- [Work request]
Transcribe the data exactly, pictures excluded.

- [Data for processing]

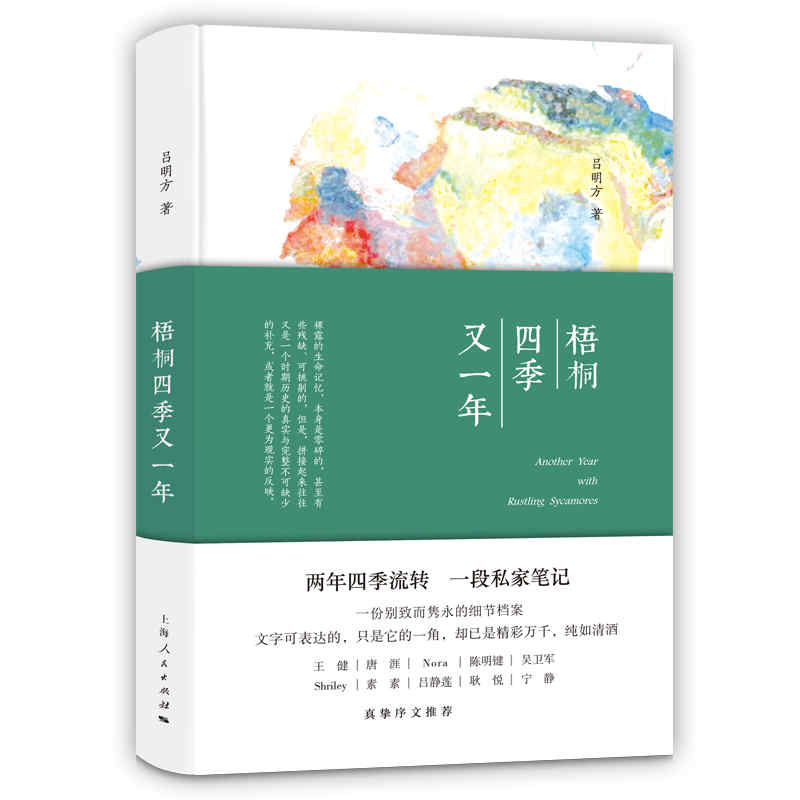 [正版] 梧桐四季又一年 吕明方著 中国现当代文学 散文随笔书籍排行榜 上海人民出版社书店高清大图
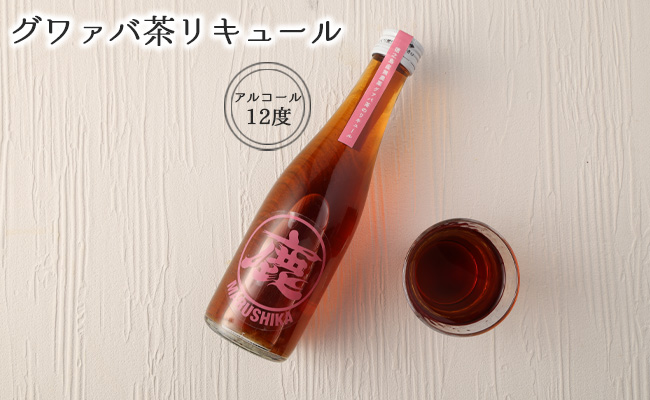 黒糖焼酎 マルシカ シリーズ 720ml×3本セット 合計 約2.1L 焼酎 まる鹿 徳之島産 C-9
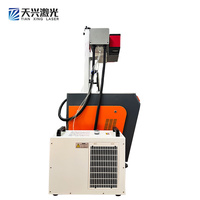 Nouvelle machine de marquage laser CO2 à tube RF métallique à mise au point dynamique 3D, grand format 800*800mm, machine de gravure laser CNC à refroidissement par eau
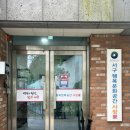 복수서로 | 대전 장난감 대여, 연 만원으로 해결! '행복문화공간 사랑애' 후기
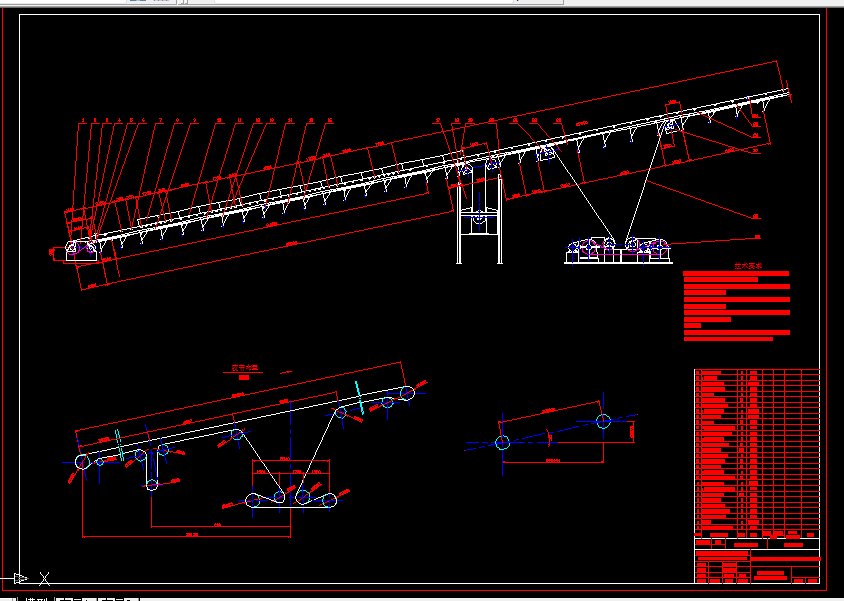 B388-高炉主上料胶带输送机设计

- [Task solution]
 [正版] 梧桐四季又一年 吕明方著 中国现当代文学 散文随笔书籍排行榜 上海人民出版社书店高清大图
 黒糖焼酎 マルシカ シリーズ 720ml×3本セット 合計 約2.1L 焼酎 まる鹿 徳之島産 C-9
 Nouvelle machine de marquage laser CO2 à tube RF métallique à mise au point dynamique 3D, grand format 800*800mm, machine de gravure laser CNC à refroidissement par eau
 복수서로 | 대전 장난감 대여, 연 만원으로 해결! '행복문화공간 사랑애' 후기
 B388-高炉主上料胶带输送机设计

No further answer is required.